“I dropped my gumball, and it went . . . . .”
Required items:
1) Index cards, or pieces of paper
2) A large drawing surface (whiteboard, blackboard, a big piece of paper)
This is a fun activity to help students use the prepositions of motion they already know.
First, get a pile of index cards (preferably ones that you cannot see through). Divide the cards into two piles — one pile will be prepositions, the other will be nouns.
Write the preositions of motion [over, through, under, around, into, out of, . . . etc.] onto the cards in one of the two piles. On the other pile of cards, write nouns or get your class to suggest nouns [my nose, the library, a tiger, my brother, the teacher, Jupiter, . . . etc.]. * These nouns must be concrete nouns — nouns that one can see and touch, i.e. not “my personality” or “justice” etc.
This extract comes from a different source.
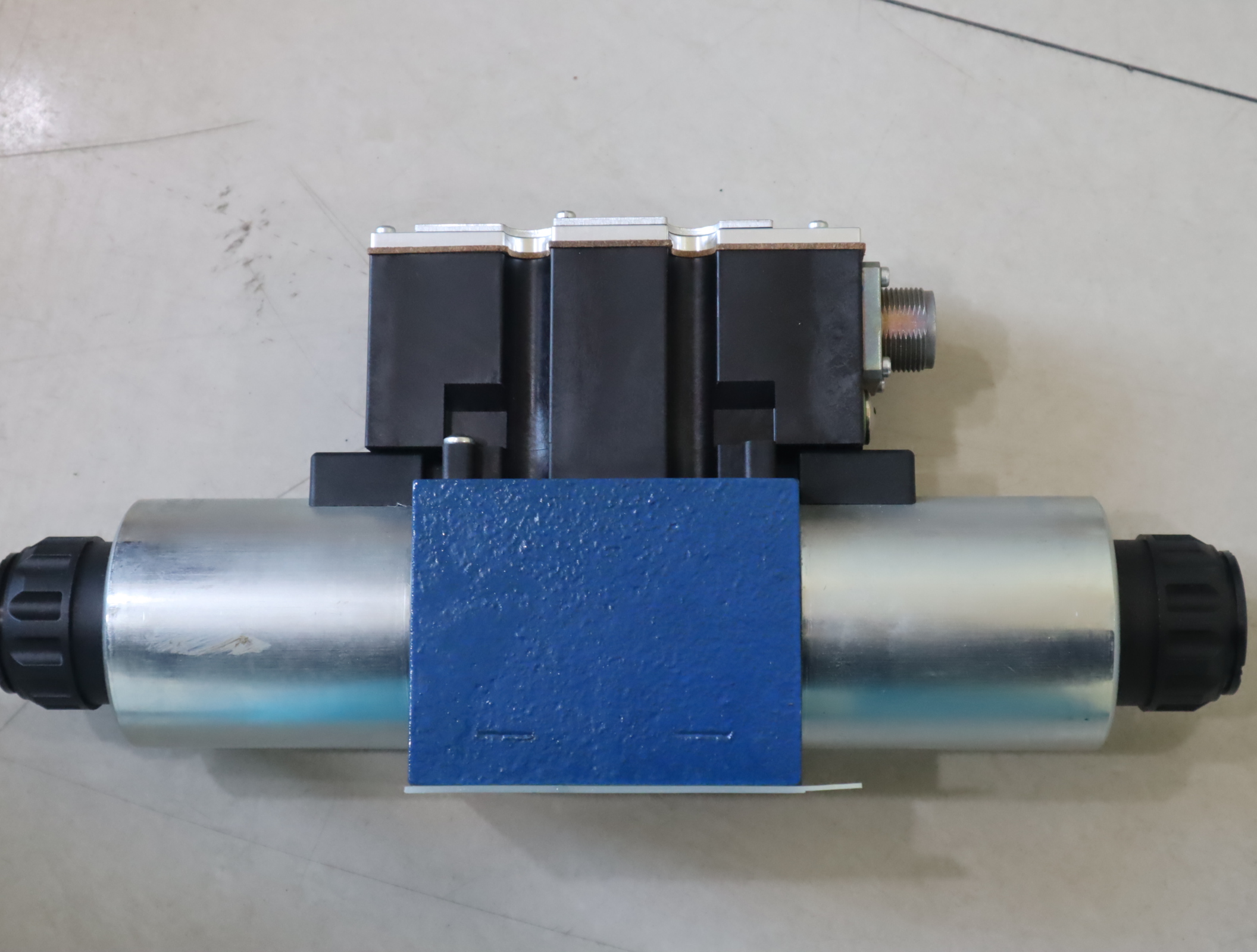 4WRAE10W1-60-2X/G24K31/A1V R900954089 德国力士乐REXROTH比例阀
For the game, get 1/2 of the class at a drawing board (white board, black board, big piece of paper), and the other students at the other side of the classroom. Give the students at the drawing board markers or chalk, and give the students on the other side of the classroom the cards. (You should mark on the back of the cards which cards are nouns or prepositions . . . you can do this by color).
Have the students place the cards facedown on a table, and choose 1 preposition card, and 1 noun card. They will then tell the students at the drawing board what to draw:
For example: “into” “the garbage“
“The gumball went into the garbage.”
(The student who is drawing should draw a gumball going into the garbage . . . the next students will continue the chain).
This game is really fun because the results are unpredictable with the random selection of nouns and prepositions. Students really enjoy it if you allow them to come up with the nouns.
As a wrap-up, you can get the whole class to repeat (or tell) where the gumball went.